Have you ever tried to learn a new song and found yourself straining to reach certain pitches, resorting to “shout-singing” or flipping into your head voice? It’s an incredibly frustrating feeling to not be able to seamlessly maneuver through the middle part of your vocal range and sing with the freedom you want—enter the belt mix.
What Exactly is Belt Mix?
To clarify belt mix, we must first talk about belting as an independent vocal technique. Belting is simply the act of singing in chest voice past where the singer’s natural break, or passaggio, occurs and higher into the vocal range. We frequently hear singers belting in contemporary music, from pop and rock to musical theater. While many current professional singers use belting, that doesn’t mean that belting is always the most successful way to sing higher in the range and can actually cause a great deal of damage to the vocal cords if used incorrectly. As a voice teacher, I’ve never taught a student to belt unless belting already came naturally to the student and was produced in a healthy, natural way. I do, however, teach students who wish to sing repertoire that requires belting and have trouble singing fully above their breaks to use belt mix.

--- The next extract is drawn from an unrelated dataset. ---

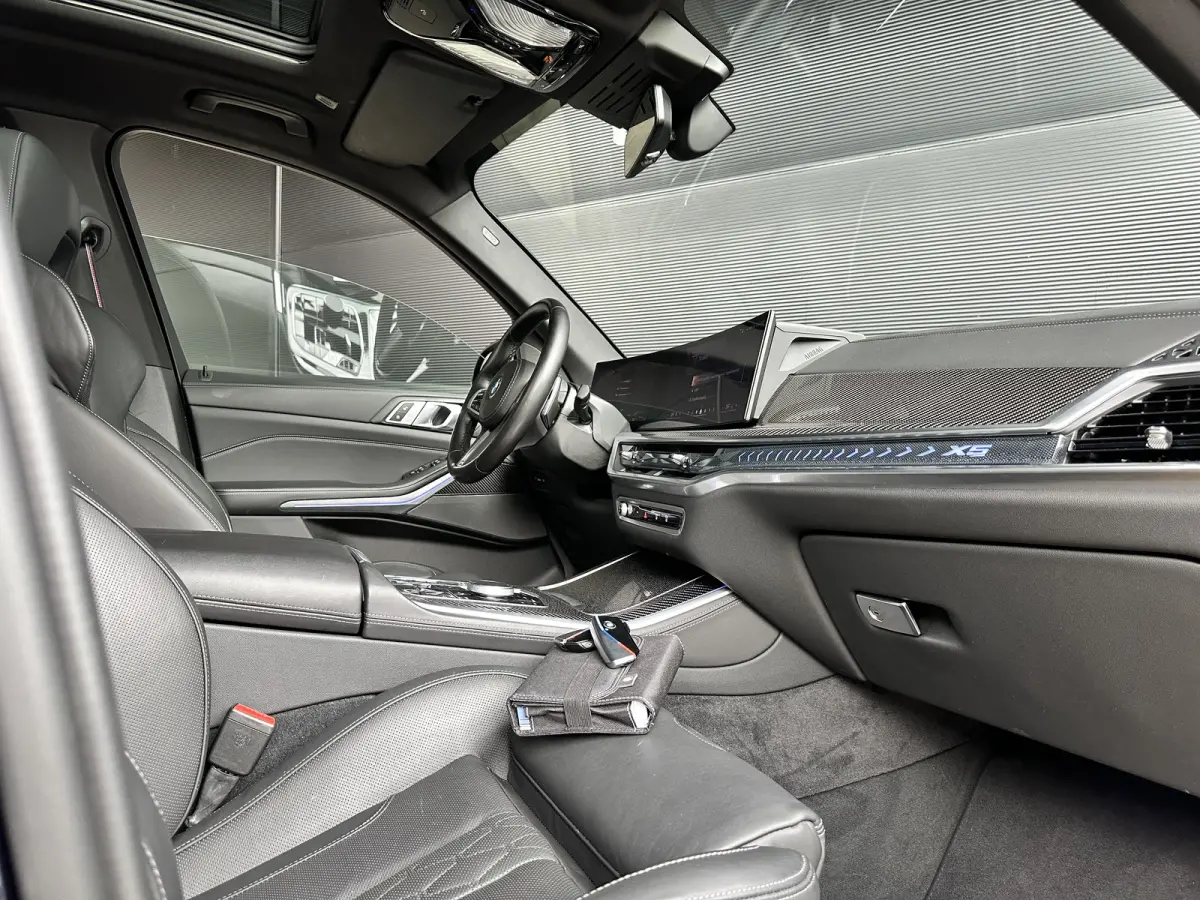 50e M-Sport Carbon | LED | PANODAK | M-Seat + Koel | HUD | 360 | Harman Kardon |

Belt mix occurs when the singer negotiates singing in chest voice and head voice simultaneously through the middle of the range (the part of your range above your break), hence the “mix” of the two resonators. The result of using belt mix is a well-supported voice that feels easy and free for the singer and sounds like belting to the listener. The technique specifically alleviates the pressure felt in the throat and neck that occurs when belting while still maintaining a fullness of sound. If done correctly, belt mix will provide accessibility to many of those songs that previously felt too hard, or too high, to sing and will add longevity to the voice, allowing the singer to keep practicing and performing safely for years.
How to Use Belt Mix in Five Steps
It should be emphasized that learning to use belt mix, like any other vocal technique, takes a lot of time and patience and should be done with the help of a teacher. Just remember that you are building the foundation for healthy, sustainable vocal production.
- Take a quick mental body scan—are you holding tension anywhere in the body unnecessarily? Are you locking your knees? Hunching forward? Gripping your jaw? If so, take a few minutes to do some gentle stretching to release tightness and set up a sense of good, natural posture in the body. In order to achieve the best results when you are singing, your body should feel as free and uninhibited as possible.
- Set up your breath—take a few large, slow inhales and exhales (keeping the shoulders and neck relaxed!) to get the breath going. A little trick I like to use when setting up my breath is to imagine the origin of my inhale in the bottoms of my feet, and then I inhale up through my legs, torso, spine, and out the top of my head before exhaling completely. Breaths that start low in the body and helps ground you will make a huge difference in your practice.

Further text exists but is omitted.